Formato: Online Artículo Texto
Lenguaje:English
Publicado: Korean Society for Stem Cell Research 2016
Materias:
Acceso en línea:https://www.ncbi.nlm.nih.gov/pmc/articles/PMC4961114/
https://www.ncbi.nlm.nih.gov/pubmed/27426096
http://dx.doi.org/10.15283/ijsc.2016.9.1.145
Descripción
Sumario:BACKGROUND: In severe chronic stages of emphysema the only treatment is lung transplantation. SO, an urgent need exists for the development of effective treatments. Stem cells therapy arises as a new therapeutic approach.

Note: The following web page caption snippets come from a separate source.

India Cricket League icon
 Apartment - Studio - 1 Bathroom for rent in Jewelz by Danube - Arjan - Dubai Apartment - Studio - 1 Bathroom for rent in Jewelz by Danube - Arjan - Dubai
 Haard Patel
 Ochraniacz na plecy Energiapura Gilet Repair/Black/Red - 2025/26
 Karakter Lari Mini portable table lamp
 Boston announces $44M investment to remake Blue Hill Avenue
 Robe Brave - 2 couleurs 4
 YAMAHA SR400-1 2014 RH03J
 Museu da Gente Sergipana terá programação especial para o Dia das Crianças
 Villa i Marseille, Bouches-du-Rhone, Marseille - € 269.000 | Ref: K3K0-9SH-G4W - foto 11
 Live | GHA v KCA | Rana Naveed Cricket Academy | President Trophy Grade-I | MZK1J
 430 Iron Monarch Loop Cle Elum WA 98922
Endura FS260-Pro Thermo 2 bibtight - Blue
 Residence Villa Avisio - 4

AIM OF THE WORK: To investigate whether bone marrow mononuclar cells (BMMNCs) can promote lung regeneration and decrease apoptosis in lipopolysaccharide (LPS) induced pulmonary emphysema in C57Bl/6 mice. MATERIAL AND METHODS: 14 weeks old female mice (C57Bl/6), weighing around 25 g were used in this study. The mice were divided into 4 groups (10 in each group): group A: mice received no treatment, group B: mice received intranasal instillation of LPS with no further treatment, group C: mice received intranasal instillation of LPS then given a dose of BMMNCs and evaluated 21 days later and group D: the mice that received intranasal instillation of LPS then given a dose of Dulbecco’s Modified Eagle’s Medium (DMEM) and evaluated 21 days later. Imaging analysis was done using imagej program. To measure apoptotic index, Anti–caspase 3 polyclonal antibody staining was done. RESULTS: Analysis of the mean of airspace equivalent diameters (D0) and its statistical distribution (D1) for the different groups allowed to observe that group treated with BMMNCs (group C) showed the significant improvement in D0 and D1 than the group received LPS only (group B). Analysis of apoptotic index showed significant difference between BMMNCs treated group (group C) and that received LPS only (group B). CONCLUSIONS: BMMNCs effectively promote lung regeneration and reduction of apoptosis in pulmonary emphysema.